Work instructions: Do not include the pictures; repeat the rest of the data exactly.

Information shown:
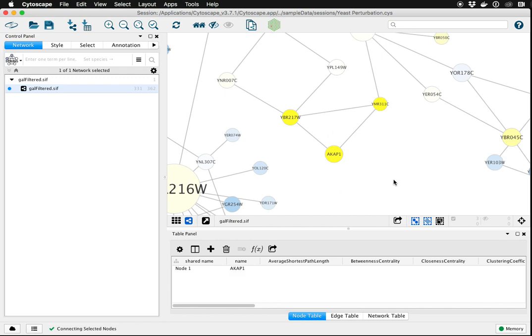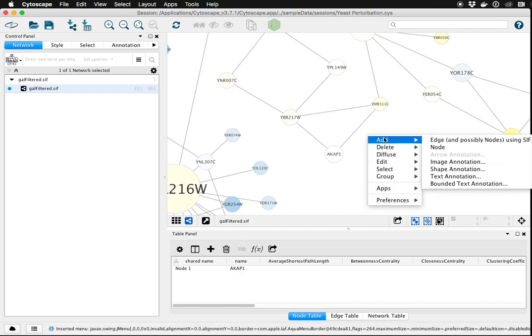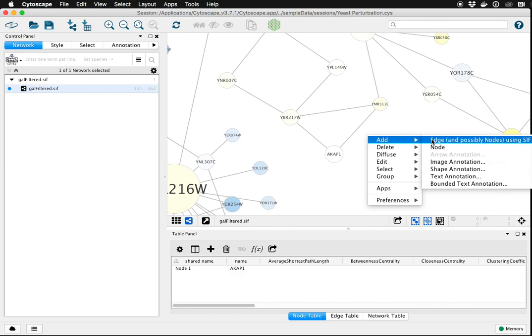It can save you time if you want to add multiple edges. The final way to add new nodes and edges is to again right-click on the background and choose Add Edge and possibly Nodes using the Simple Interaction Format, or SIF.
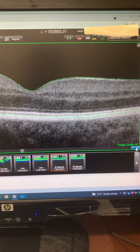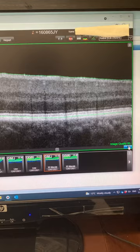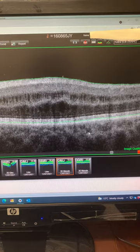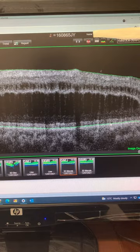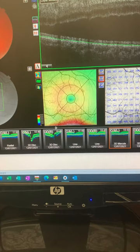What we start to see is some separation and splitting in the layers of the retina. This here is turning into a retinoschisis — we're getting all of this stretching and splitting of the retina, which is definitely not normal.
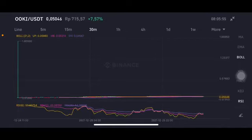Hello everyone, welcome to Cynthia Montana channel. I'm gonna talk about OOK price prediction. Before I start, don't forget to like, comment, and subscribe. I'm not a financial advisor — I'm just gonna give you some prediction using technical analysis. We're gonna start with the OOK per USDT pair: is it gonna pump again or is it gonna dump?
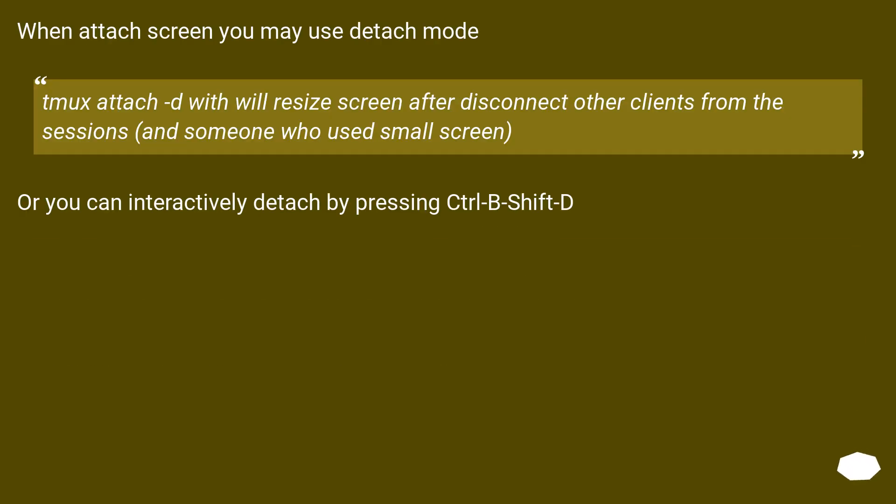When attached to screen you may use detach mode. 'tmux attach -d' will resize screen after disconnecting other clients from the session (someone who used a small screen). Or you can interactively detach by pressing Ctrl-B Shift-D.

Response:
It can save you time if you want to add multiple edges. The final way to add new nodes and edges is to again right-click on the background and choose Add Edge and possibly Nodes using the Simple Interaction Format, or SIF.
What we start to see is some separation and splitting in the layers of the retina. This here is turning into a retinoschisis — we're getting all of this stretching and splitting of the retina, which is definitely not normal.
Hello everyone, welcome to Cynthia Montana channel. I'm gonna talk about OOK price prediction. Before I start, don't forget to like, comment, and subscribe. I'm not a financial advisor — I'm just gonna give you some prediction using technical analysis. We're gonna start with the OOK per USDT pair: is it gonna pump again or is it gonna dump?
When attached to screen you may use detach mode. 'tmux attach -d' will resize screen after disconnecting other clients from the session (someone who used a small screen). Or you can interactively detach by pressing Ctrl-B Shift-D.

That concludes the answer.